◆ **PROMPT**
Only the number is wanted: how many lines in the data contain "Size"?

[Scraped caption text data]
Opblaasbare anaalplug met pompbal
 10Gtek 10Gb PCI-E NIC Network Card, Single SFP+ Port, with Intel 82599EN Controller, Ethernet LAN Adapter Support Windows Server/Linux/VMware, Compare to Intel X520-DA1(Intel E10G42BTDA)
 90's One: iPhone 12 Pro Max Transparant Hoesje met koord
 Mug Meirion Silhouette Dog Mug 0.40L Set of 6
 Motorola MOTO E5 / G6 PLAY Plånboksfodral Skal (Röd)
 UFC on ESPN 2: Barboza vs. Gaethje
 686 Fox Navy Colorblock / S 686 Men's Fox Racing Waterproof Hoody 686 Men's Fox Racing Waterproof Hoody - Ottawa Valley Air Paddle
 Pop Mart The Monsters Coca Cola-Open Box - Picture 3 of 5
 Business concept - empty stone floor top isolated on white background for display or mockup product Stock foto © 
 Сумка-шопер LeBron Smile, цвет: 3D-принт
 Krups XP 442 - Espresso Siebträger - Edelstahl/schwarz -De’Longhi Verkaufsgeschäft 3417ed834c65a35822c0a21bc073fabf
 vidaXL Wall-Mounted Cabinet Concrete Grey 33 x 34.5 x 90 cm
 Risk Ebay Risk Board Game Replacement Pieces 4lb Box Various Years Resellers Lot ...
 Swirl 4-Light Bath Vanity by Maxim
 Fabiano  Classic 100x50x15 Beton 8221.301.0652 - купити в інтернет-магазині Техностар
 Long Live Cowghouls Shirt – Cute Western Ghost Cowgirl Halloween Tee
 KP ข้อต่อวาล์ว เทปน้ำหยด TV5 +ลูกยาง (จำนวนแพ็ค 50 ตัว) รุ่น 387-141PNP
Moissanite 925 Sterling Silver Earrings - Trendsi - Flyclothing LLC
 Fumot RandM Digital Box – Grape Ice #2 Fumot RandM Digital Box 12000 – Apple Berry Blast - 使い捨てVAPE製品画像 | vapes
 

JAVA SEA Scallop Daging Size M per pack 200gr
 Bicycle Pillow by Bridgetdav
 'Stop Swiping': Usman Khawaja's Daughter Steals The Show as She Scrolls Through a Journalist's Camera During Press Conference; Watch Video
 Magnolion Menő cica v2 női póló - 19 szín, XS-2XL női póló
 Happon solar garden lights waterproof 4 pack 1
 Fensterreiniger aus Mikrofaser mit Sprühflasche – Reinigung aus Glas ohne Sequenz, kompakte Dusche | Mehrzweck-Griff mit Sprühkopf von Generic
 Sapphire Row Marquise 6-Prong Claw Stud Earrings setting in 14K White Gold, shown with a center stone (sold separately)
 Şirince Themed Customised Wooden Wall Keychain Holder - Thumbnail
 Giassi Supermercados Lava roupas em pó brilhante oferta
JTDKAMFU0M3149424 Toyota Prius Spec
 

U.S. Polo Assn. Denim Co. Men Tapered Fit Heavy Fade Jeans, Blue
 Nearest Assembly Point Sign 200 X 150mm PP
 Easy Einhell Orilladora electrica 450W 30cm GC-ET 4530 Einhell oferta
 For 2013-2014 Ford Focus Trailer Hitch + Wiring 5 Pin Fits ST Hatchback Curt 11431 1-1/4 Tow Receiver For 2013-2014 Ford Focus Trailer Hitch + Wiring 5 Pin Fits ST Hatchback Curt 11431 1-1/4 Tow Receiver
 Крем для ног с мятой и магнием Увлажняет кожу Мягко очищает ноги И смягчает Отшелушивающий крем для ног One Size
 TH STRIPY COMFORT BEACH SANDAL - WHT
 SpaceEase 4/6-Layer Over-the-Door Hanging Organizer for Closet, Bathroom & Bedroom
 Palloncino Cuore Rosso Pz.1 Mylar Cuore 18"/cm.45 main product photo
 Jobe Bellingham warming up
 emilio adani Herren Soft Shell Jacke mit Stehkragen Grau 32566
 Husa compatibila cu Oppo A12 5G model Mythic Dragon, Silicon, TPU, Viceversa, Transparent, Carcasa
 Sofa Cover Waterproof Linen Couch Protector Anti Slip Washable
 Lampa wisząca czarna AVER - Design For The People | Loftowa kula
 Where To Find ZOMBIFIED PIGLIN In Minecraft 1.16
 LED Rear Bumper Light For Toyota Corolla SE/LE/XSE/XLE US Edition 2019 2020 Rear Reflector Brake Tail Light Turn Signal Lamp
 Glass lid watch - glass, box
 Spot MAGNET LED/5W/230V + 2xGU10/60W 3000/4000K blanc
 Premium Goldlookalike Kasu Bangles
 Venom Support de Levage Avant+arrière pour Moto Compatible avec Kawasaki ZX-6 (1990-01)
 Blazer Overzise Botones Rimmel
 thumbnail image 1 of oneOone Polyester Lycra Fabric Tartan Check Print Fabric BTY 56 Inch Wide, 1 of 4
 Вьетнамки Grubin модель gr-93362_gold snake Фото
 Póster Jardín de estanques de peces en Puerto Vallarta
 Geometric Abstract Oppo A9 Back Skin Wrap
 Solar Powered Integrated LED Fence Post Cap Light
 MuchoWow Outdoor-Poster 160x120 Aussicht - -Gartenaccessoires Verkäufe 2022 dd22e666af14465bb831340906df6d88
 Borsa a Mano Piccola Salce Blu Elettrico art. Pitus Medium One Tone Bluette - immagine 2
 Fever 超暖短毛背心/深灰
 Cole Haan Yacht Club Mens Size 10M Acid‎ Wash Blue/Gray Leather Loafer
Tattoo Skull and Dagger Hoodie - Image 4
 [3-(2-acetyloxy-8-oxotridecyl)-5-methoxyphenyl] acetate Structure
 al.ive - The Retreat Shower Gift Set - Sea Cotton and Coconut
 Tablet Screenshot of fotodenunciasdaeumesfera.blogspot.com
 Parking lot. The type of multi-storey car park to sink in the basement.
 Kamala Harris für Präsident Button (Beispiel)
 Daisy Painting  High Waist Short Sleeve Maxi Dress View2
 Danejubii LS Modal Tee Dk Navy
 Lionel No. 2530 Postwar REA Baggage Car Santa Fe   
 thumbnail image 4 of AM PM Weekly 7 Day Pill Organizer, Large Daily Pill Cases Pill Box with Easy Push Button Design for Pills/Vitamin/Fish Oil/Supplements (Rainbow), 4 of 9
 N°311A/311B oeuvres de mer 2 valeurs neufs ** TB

◆ **EXERCISE SOLUTION**
3